Gerechten uit de keuken van Tsjechië
Cerný kuba
“risotto” van gort en paddenstoelen
Op kerstavond, de laatste dag van wat in vroeger tijden de vastenperiode vóór Kerstmis was, verschijnt al sinds mensenheugenis in heel Centraal-Europa een karper op tafel, want vlees is op vastendagen -uiteraard- uit den boze. In de Tsjechische Republiek is dat niet anders, maar in Bohemen hebben ze nog een ander vleesloos gerechtje voor op kerstavond: cerný kuba, oftewel zwarte kuba. Deze brij -of, smakelijker uitgedrukt, “risotto”- van gort en paddenstoelen werd vooral in vroeger tijden nog veel gegeten, maar is tegenwoordig een beetje in onbruik geraakt. Dat zal wellicht te maken hebben met de gelukkige omstandigheid dat zo ongeveer iedere familie zich vandaag de dag wel een malse, vette karper kan veroorloven. In de dagen van weleer was een kerstavond zonder dit gerechtje echter ondenkbaar.

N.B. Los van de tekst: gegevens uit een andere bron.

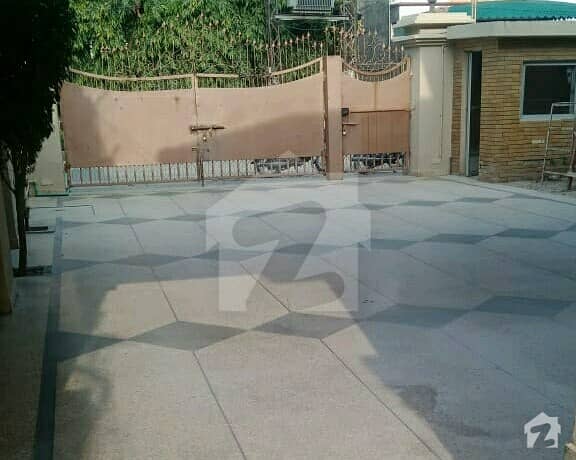 ٹاؤن شپ ۔ سیکٹر سی 1 ٹاؤن شپ لاہور میں 6 کمروں کا 2 کنال مکان 6 کروڑ میں برائے فروخت۔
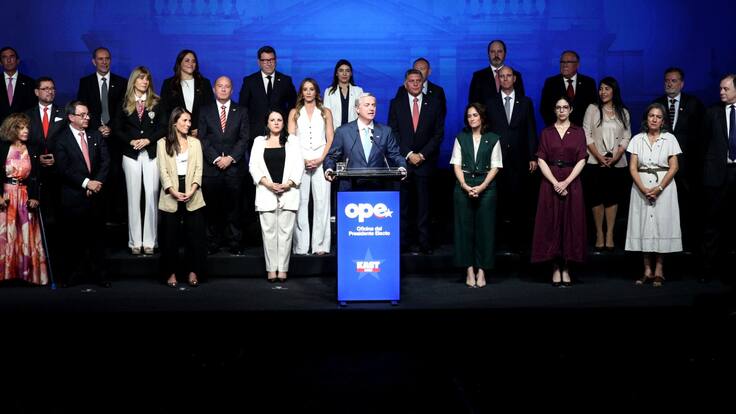 13 son de Santiago, 11 de regiones: los detalles “relevantes” que tendrá el gabinete de José Antonio Kast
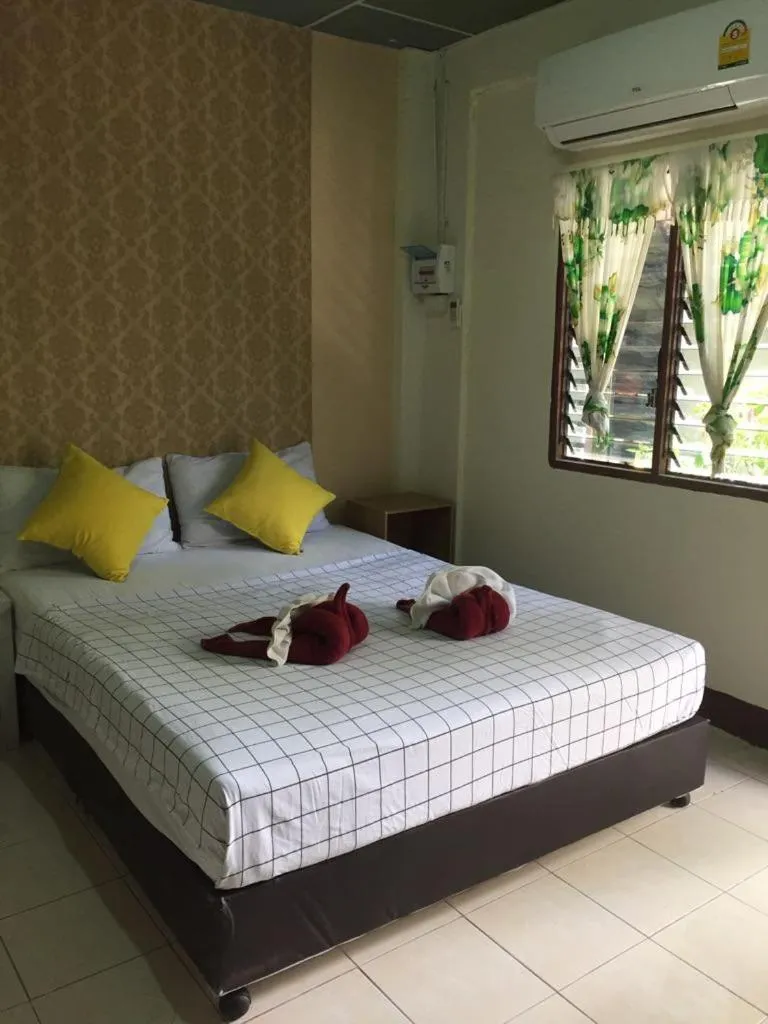 Bed in Lanta Complex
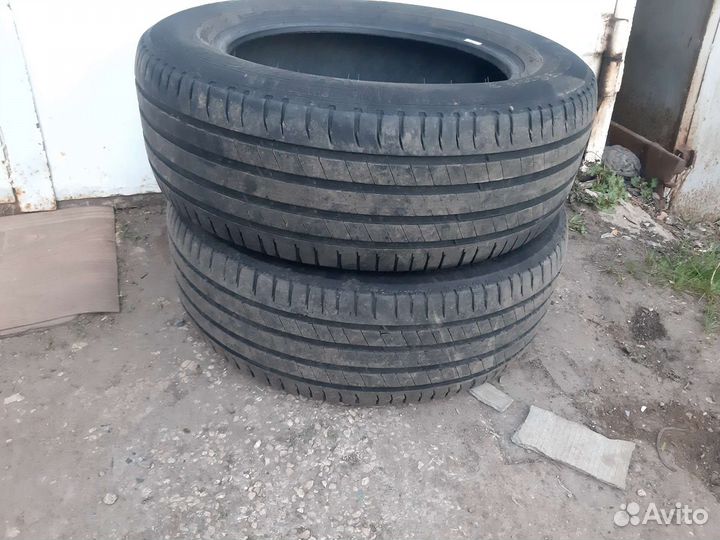 Michelin Latitude Sport 3 235/60 R18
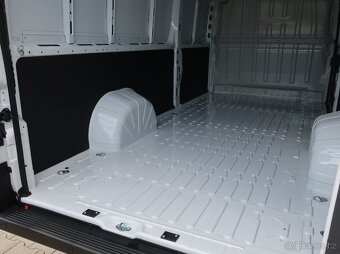 Opel Movano 2.2CDTi 103kW L4H2 3.5T TOP STAV NOVÉ - 17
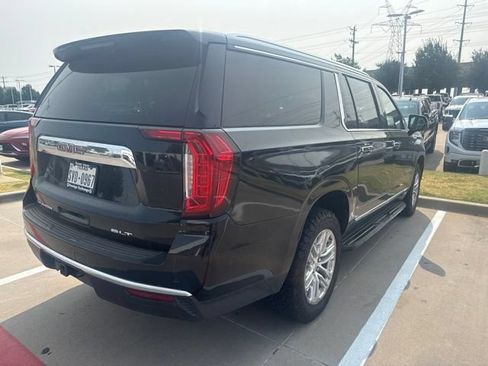Used 2021 GMC Yukon XL SLT w/ SLT Luxury Package AWD/4WD image 3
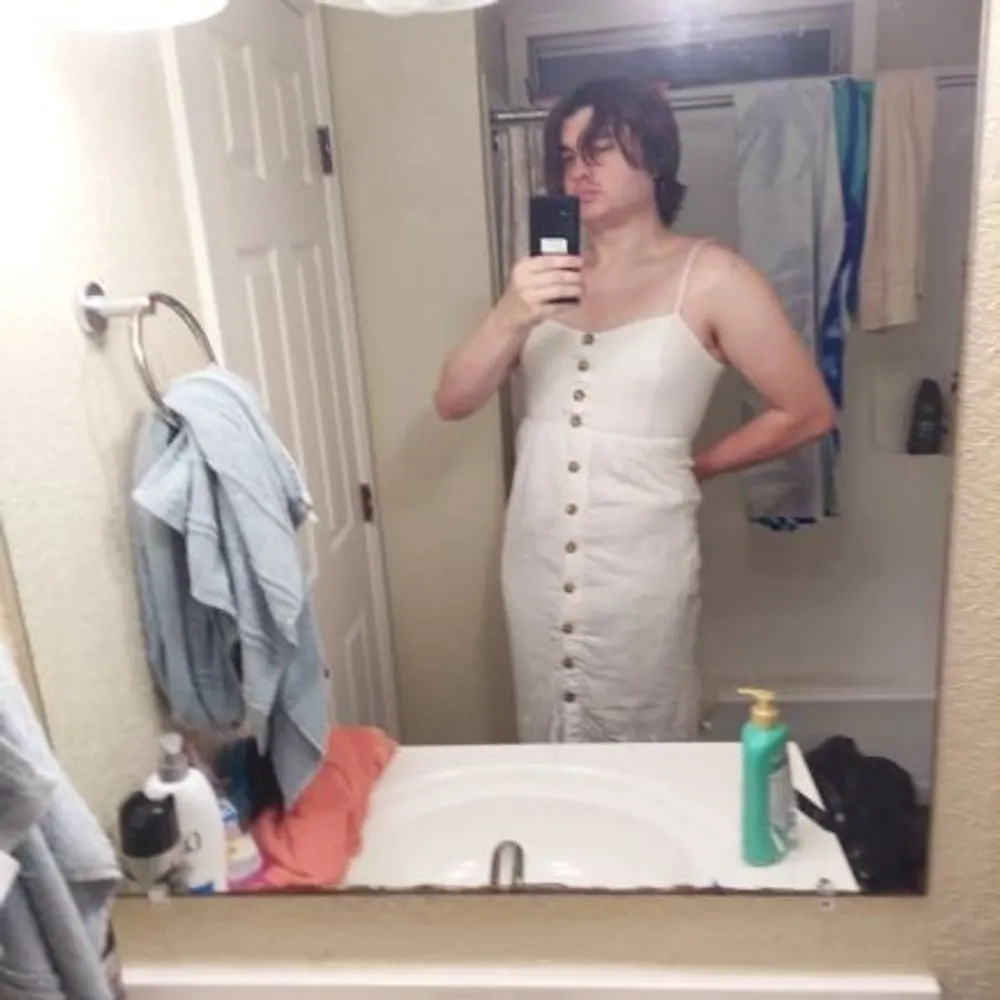 feenavan2099.bsky.social's profile picture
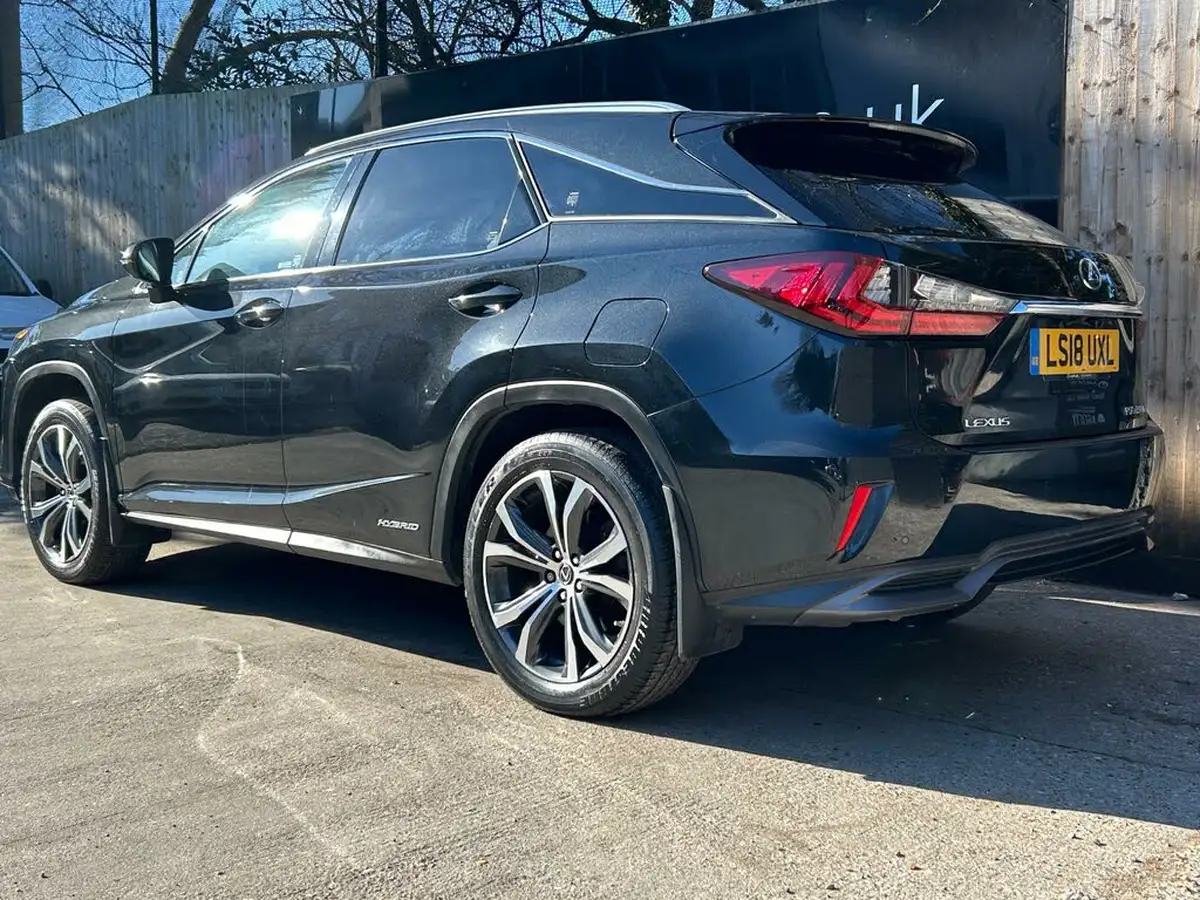 2018-lexus-rx-450h-35-luxury-big-10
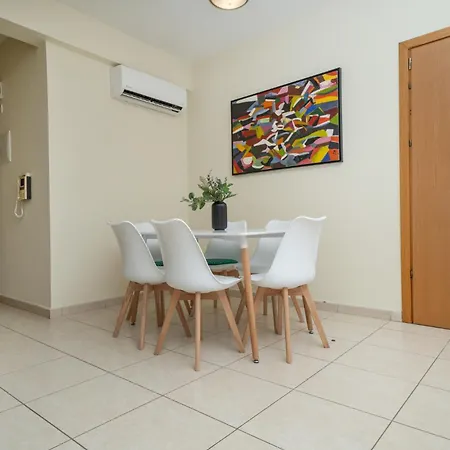 Modern 2 Bedroom Flat In Engomi * Strovolos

Het eten van een brij van granen op feestdagen is een oud Slavisch gebruik. Het gaat terug op voorchristelijke tijden, toen een gerecht van ongebroken graan in de godsdienstige rituelen van de Slavische volkeren een belangrijke plaats innam. Het werd gegeten bij feesten en rituelen die te maken hadden met dood en wedergeboorte, waarbij het graan -het zaad met haar kiemkracht- symbool stond voor de hernieuwing van het leven. Overblijfselen van dat gebruik zijn nog te vinden in veel Slavische landen, bijvoorbeeld in Servië, waar op hoogtijdagen het eten van een zoete graanbrij, koljivo, nog steeds in ere wordt gehouden. Deze cerný kuba, juist omdat ze op kerstavond werd gegeten, zou ook zomaar eens haar oorsprong gehad kunnen hebben in dat oude Slavische rituele gerecht.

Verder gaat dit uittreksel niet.